J-POP=邦楽とするならテクノ邦楽。J-POP=歌謡曲とするならテクノ歌謡Perfumeのいうテクノポップは後者の意味だろう。一方、YMOは前者。

単なるテクノと邦楽は異なるし、テクノが「歌謡」曲ではないことも明らかなので、テクノポップが「内国産音楽」を示す単語であることは明らかだろう。邦楽ないし歌謡曲というのがテクノポップの正体だった。


Perfumeは初期においてテクノポップの名刺を持って世に出たが、これが邦楽であったのか歌謡曲であったのかは微妙なところだと思う。アイドルである以上歌謡曲であるべきところを中田ヤスタカは敢えて邦楽を作りヒットを生んだ。これを無理やり歌謡曲方向にねじ曲げて失速させたのが2008年以降の路線、と言えるのではないだろうか。

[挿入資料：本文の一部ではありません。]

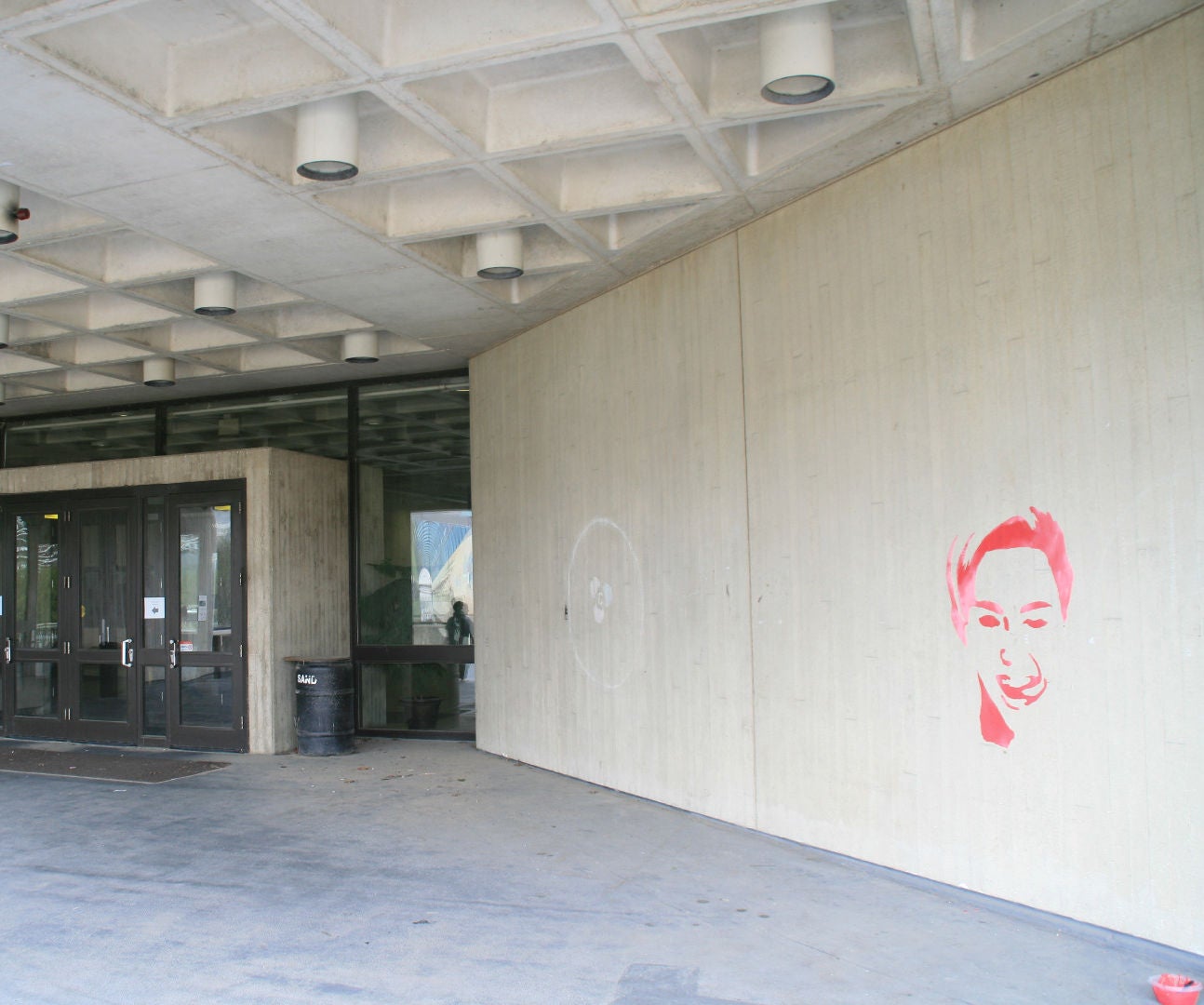 Chalk Graffiti 6 Steps Instructables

謡曲というのは、とどのつまり「自分に都合のよい物語を与えてくれる存在」(昨日のエントリ参照)であって、ちょっと考えれば「アホか!」「そんなもん言われんでもエエんじゃ!」(広島県 西脇綾香さん)というような内容であって、少なくとも大学生より上の年齢層はそのアホアホしさ故に聴かない音楽である。


昭和三十年代のように、基本的に日本人の労働者はみんな中卒、高卒大卒はエリート、というような人口比であれば「都合のイイ甘い言葉」で客を騙すのは容易かもしれないが、無駄に高学歴社会となってしまったこの20年の変化により、そういう音楽を求めるのは、たとえば型枠工さんとか、左官屋さんとか、とび職とか、キャバ嬢とか、ホストとか、かなり特殊な職業に若くして就く層に限定されるようになってしまった。今日のJ-POPの主要マーケットがレコード店や通販ではなく「買取」のパチンコ店であるというのはそれを端的に示している。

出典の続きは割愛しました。